Every line of the material below should be output exactly as written, with the images skipped.

■ **RECORDS TO USE**
• • • • •
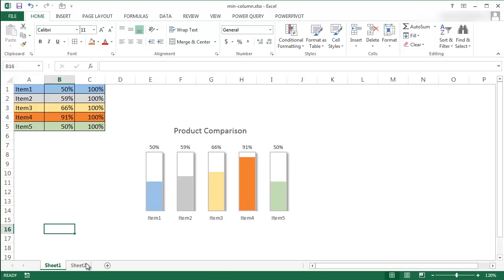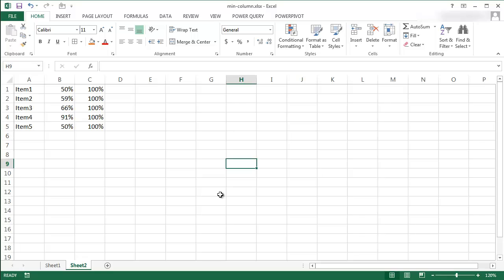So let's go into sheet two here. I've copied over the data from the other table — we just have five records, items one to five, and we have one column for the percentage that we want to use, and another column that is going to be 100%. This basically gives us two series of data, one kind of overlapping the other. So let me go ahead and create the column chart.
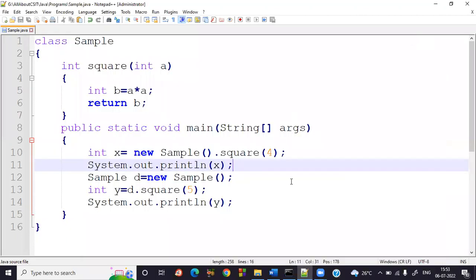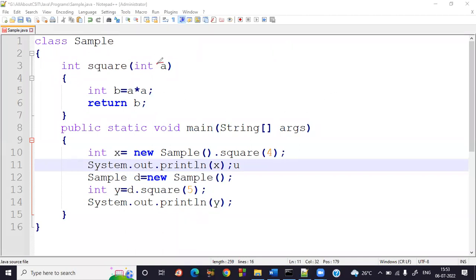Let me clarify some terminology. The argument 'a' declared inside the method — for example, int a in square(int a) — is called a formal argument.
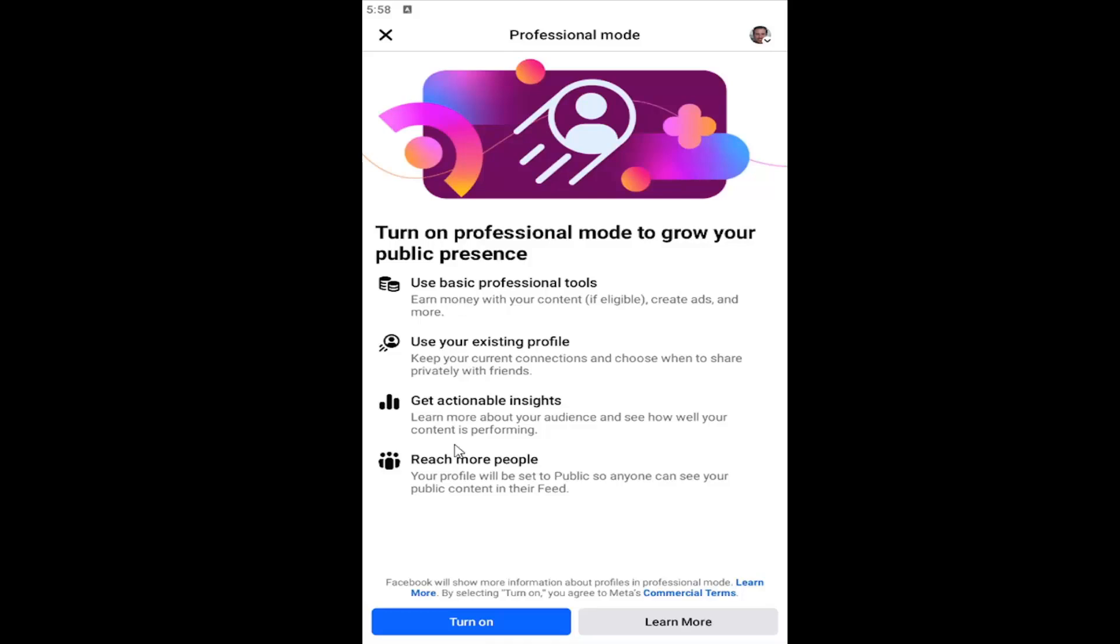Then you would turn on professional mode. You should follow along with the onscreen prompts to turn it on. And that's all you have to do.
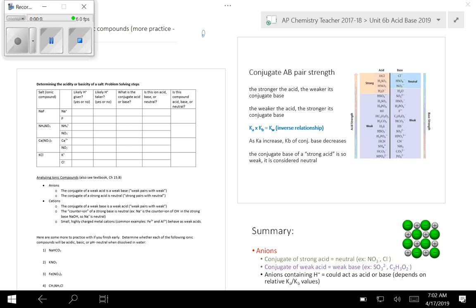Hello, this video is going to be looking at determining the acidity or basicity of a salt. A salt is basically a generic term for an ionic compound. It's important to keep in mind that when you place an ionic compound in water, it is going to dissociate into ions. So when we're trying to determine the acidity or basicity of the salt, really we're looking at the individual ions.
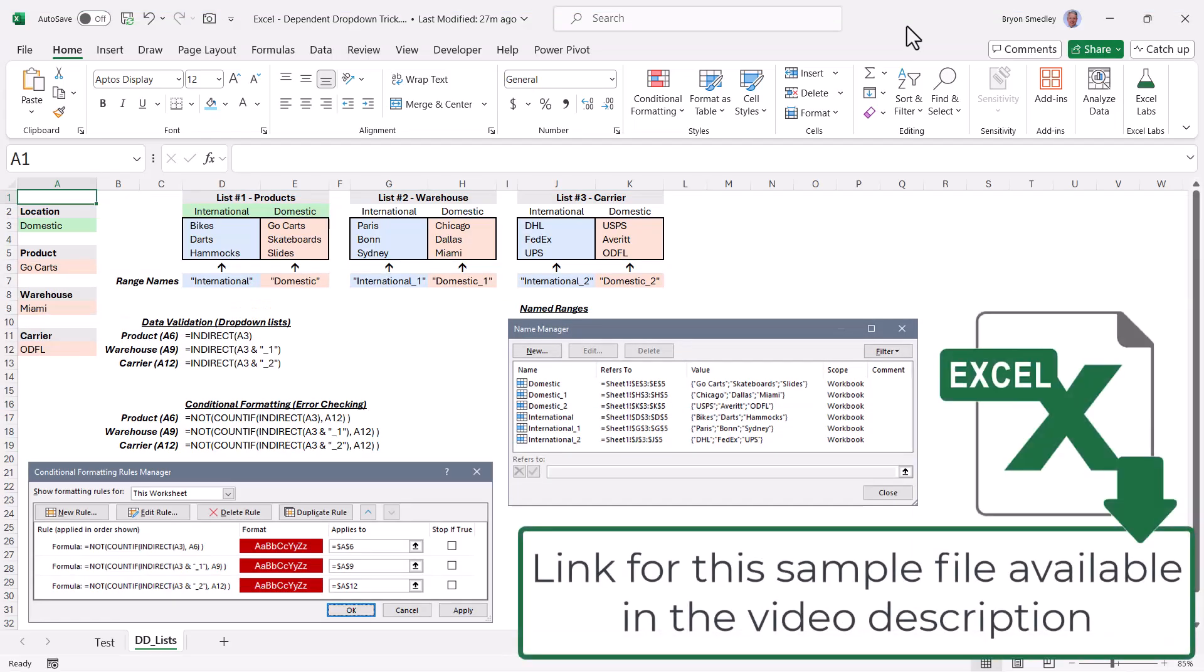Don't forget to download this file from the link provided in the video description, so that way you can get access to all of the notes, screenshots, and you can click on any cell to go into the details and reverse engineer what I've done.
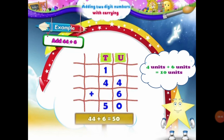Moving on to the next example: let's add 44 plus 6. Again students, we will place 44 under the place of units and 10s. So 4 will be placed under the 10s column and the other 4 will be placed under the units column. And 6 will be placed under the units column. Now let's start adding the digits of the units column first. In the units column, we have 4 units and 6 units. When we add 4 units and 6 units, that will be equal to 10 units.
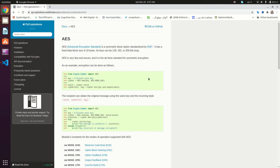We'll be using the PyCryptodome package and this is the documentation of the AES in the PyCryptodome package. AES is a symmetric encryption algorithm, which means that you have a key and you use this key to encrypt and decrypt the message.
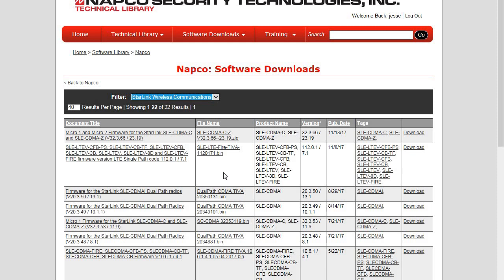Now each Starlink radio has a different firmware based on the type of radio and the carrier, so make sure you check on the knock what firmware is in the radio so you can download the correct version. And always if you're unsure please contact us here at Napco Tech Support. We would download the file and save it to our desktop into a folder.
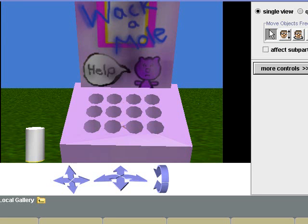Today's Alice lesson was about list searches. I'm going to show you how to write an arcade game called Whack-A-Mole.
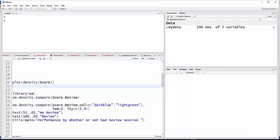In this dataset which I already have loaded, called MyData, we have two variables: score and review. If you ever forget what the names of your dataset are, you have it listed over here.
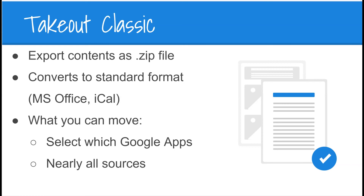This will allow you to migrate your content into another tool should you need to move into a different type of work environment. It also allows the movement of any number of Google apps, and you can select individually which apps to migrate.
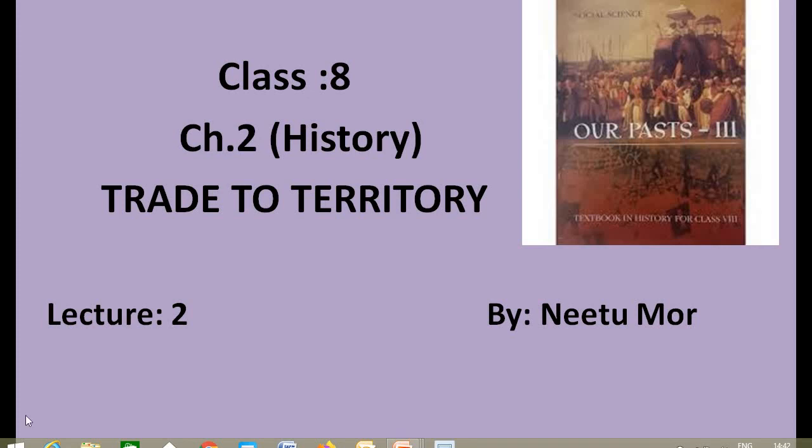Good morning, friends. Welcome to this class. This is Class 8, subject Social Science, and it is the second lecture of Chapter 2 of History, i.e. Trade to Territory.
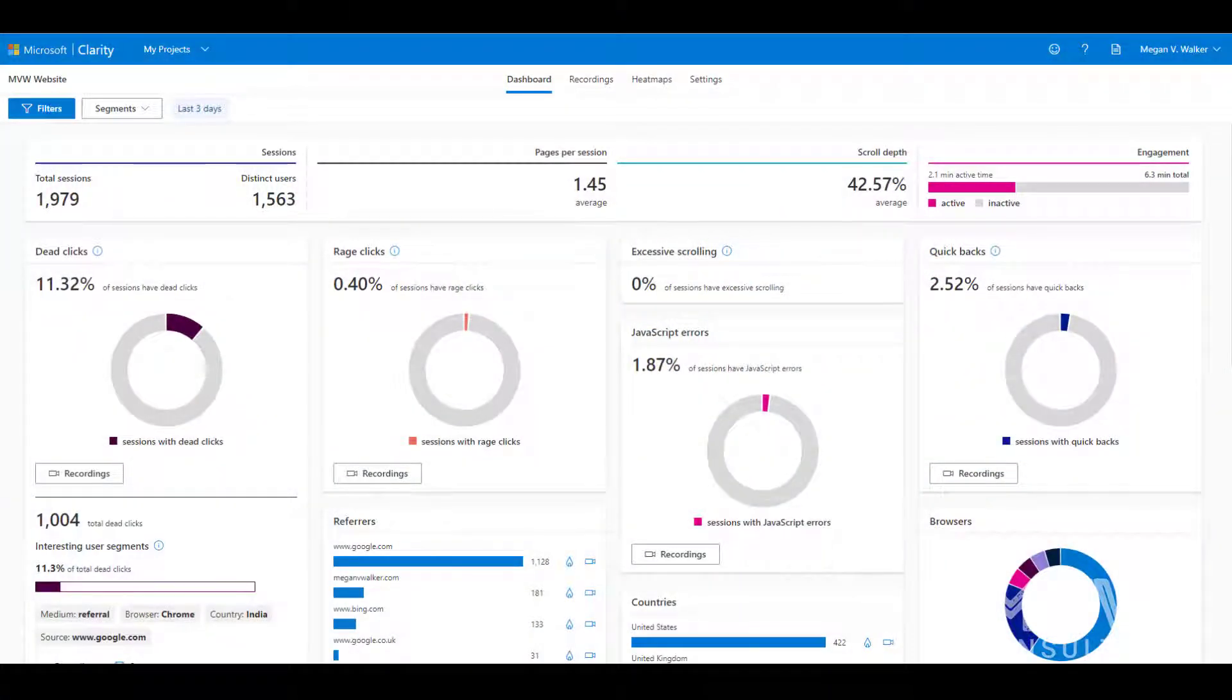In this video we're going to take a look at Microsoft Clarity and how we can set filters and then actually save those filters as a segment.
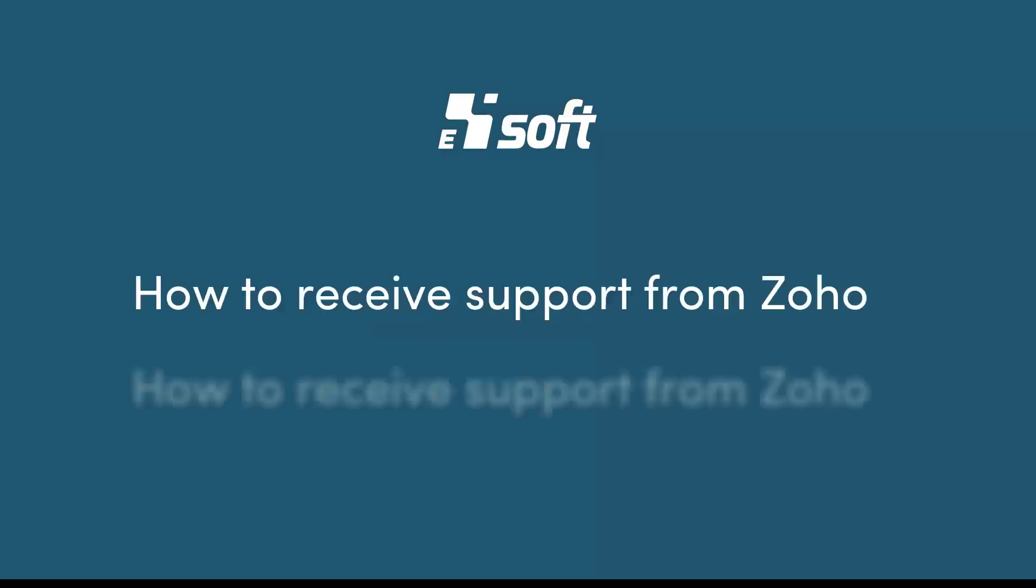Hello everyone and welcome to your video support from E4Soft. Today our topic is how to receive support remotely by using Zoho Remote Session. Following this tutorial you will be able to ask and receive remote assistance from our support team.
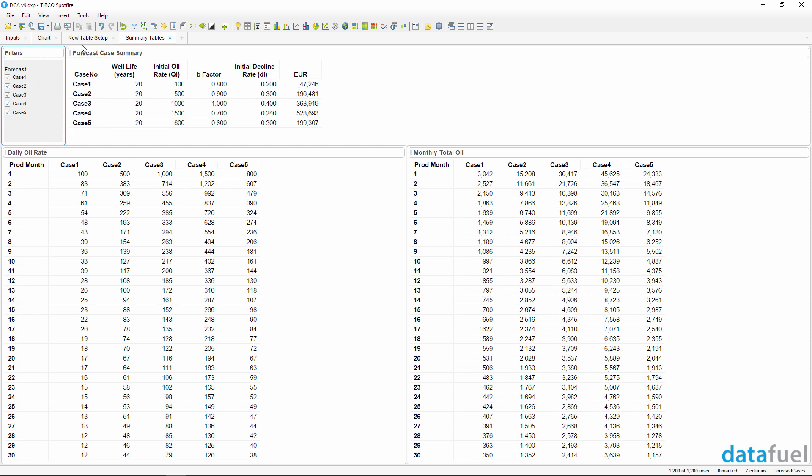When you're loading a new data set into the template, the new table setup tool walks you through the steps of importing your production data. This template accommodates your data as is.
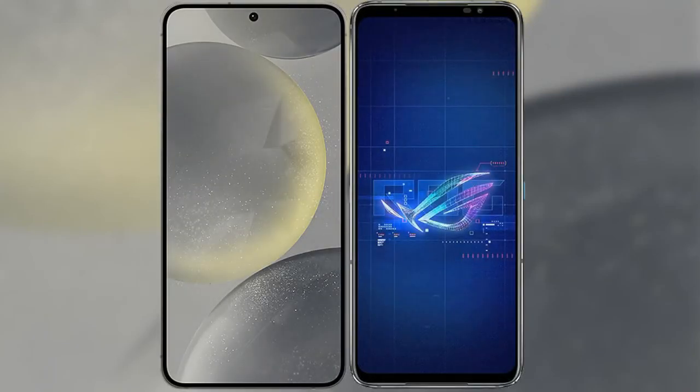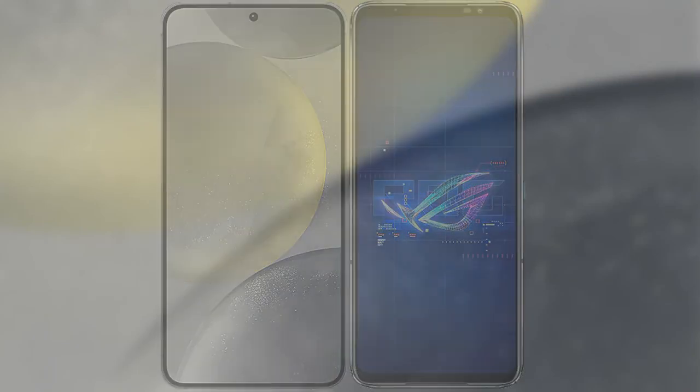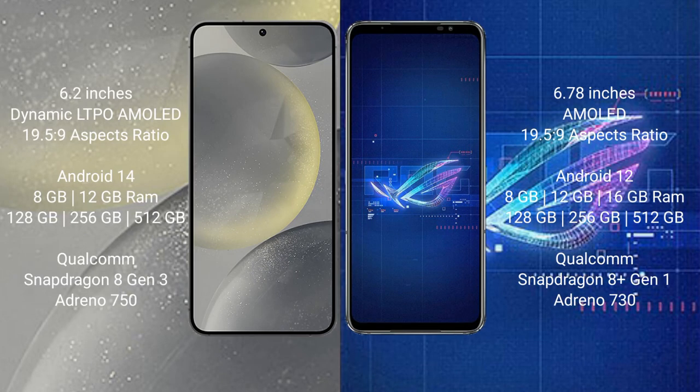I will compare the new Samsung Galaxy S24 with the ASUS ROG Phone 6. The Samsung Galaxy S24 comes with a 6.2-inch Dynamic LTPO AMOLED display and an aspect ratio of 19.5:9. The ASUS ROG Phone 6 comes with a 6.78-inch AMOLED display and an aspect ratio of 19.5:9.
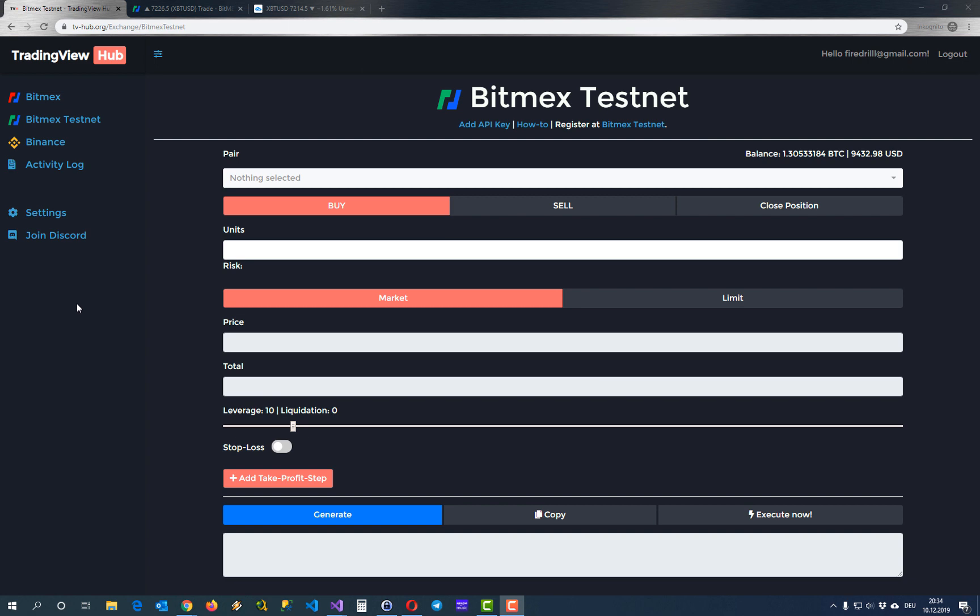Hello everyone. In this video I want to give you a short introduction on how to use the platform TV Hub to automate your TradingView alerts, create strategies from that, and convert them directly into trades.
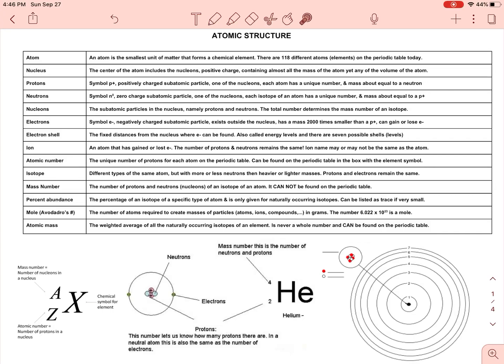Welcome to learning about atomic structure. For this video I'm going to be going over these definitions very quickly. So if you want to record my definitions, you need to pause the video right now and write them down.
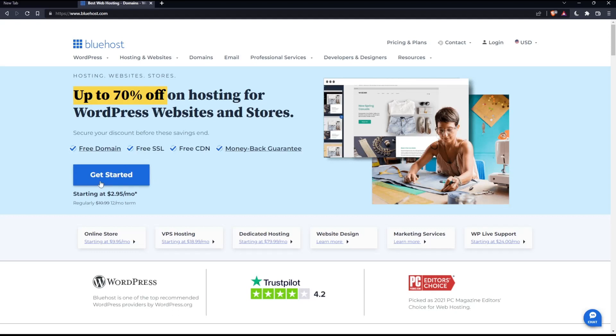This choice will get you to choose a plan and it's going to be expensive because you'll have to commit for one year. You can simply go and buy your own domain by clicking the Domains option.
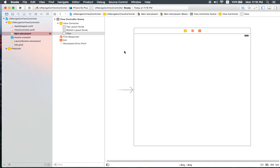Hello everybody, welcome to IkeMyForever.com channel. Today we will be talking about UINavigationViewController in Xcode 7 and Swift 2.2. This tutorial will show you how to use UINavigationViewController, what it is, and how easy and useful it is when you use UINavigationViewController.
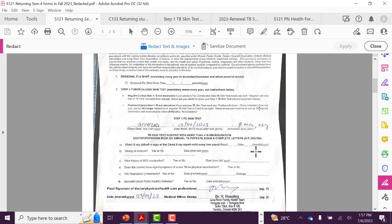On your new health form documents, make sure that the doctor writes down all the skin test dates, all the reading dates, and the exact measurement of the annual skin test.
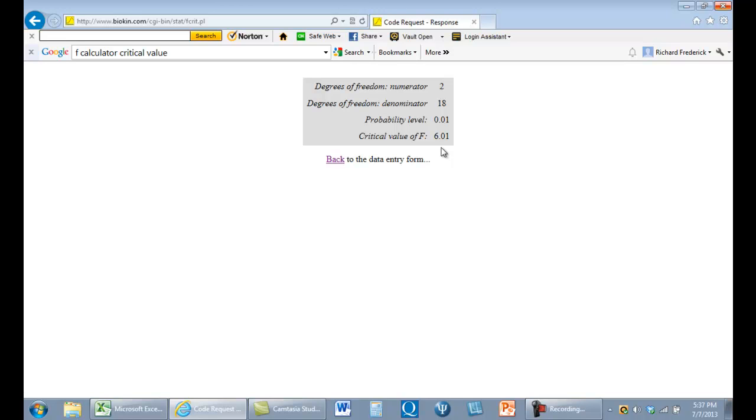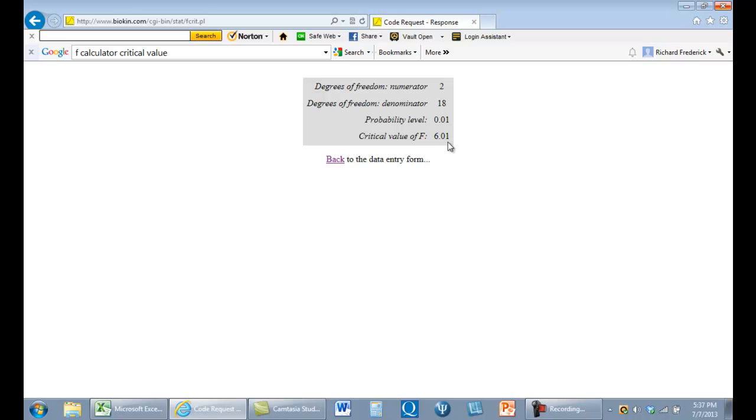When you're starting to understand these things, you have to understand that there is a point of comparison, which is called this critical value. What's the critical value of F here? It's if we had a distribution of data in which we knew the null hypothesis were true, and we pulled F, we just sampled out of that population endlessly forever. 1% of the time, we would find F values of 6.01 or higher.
• • • • •
■ **SOLUTION TO THIS PROBLEM**
So let's go into sheet two here. I've copied over the data from the other table — we just have five records, items one to five, and we have one column for the percentage that we want to use, and another column that is going to be 100%. This basically gives us two series of data, one kind of overlapping the other. So let me go ahead and create the column chart.
Let me clarify some terminology. The argument 'a' declared inside the method — for example, int a in square(int a) — is called a formal argument.
Then you would turn on professional mode. You should follow along with the onscreen prompts to turn it on. And that's all you have to do.
Hello, this video is going to be looking at determining the acidity or basicity of a salt. A salt is basically a generic term for an ionic compound. It's important to keep in mind that when you place an ionic compound in water, it is going to dissociate into ions. So when we're trying to determine the acidity or basicity of the salt, really we're looking at the individual ions.
Don't forget to download this file from the link provided in the video description, so that way you can get access to all of the notes, screenshots, and you can click on any cell to go into the details and reverse engineer what I've done.
Moving on to the next example: let's add 44 plus 6. Again students, we will place 44 under the place of units and 10s. So 4 will be placed under the 10s column and the other 4 will be placed under the units column. And 6 will be placed under the units column. Now let's start adding the digits of the units column first. In the units column, we have 4 units and 6 units. When we add 4 units and 6 units, that will be equal to 10 units.
We'll be using the PyCryptodome package and this is the documentation of the AES in the PyCryptodome package. AES is a symmetric encryption algorithm, which means that you have a key and you use this key to encrypt and decrypt the message.
Now each Starlink radio has a different firmware based on the type of radio and the carrier, so make sure you check on the knock what firmware is in the radio so you can download the correct version. And always if you're unsure please contact us here at Napco Tech Support. We would download the file and save it to our desktop into a folder.
Today's Alice lesson was about list searches. I'm going to show you how to write an arcade game called Whack-A-Mole.
In this dataset which I already have loaded, called MyData, we have two variables: score and review. If you ever forget what the names of your dataset are, you have it listed over here.
This will allow you to migrate your content into another tool should you need to move into a different type of work environment. It also allows the movement of any number of Google apps, and you can select individually which apps to migrate.
Good morning, friends. Welcome to this class. This is Class 8, subject Social Science, and it is the second lecture of Chapter 2 of History, i.e. Trade to Territory.
In this video we're going to take a look at Microsoft Clarity and how we can set filters and then actually save those filters as a segment.
Hello everyone and welcome to your video support from E4Soft. Today our topic is how to receive support remotely by using Zoho Remote Session. Following this tutorial you will be able to ask and receive remote assistance from our support team.
When you're loading a new data set into the template, the new table setup tool walks you through the steps of importing your production data. This template accommodates your data as is.
I will compare the new Samsung Galaxy S24 with the ASUS ROG Phone 6. The Samsung Galaxy S24 comes with a 6.2-inch Dynamic LTPO AMOLED display and an aspect ratio of 19.5:9. The ASUS ROG Phone 6 comes with a 6.78-inch AMOLED display and an aspect ratio of 19.5:9.
Hello everyone. In this video I want to give you a short introduction on how to use the platform TV Hub to automate your TradingView alerts, create strategies from that, and convert them directly into trades.
Welcome to learning about atomic structure. For this video I'm going to be going over these definitions very quickly. So if you want to record my definitions, you need to pause the video right now and write them down.
This choice will get you to choose a plan and it's going to be expensive because you'll have to commit for one year. You can simply go and buy your own domain by clicking the Domains option.
Hello everybody, welcome to IkeMyForever.com channel. Today we will be talking about UINavigationViewController in Xcode 7 and Swift 2.2. This tutorial will show you how to use UINavigationViewController, what it is, and how easy and useful it is when you use UINavigationViewController.
On your new health form documents, make sure that the doctor writes down all the skin test dates, all the reading dates, and the exact measurement of the annual skin test.
When you're starting to understand these things, you have to understand that there is a point of comparison, which is called this critical value. What's the critical value of F here? It's if we had a distribution of data in which we knew the null hypothesis were true, and we pulled F, we just sampled out of that population endlessly forever. 1% of the time, we would find F values of 6.01 or higher.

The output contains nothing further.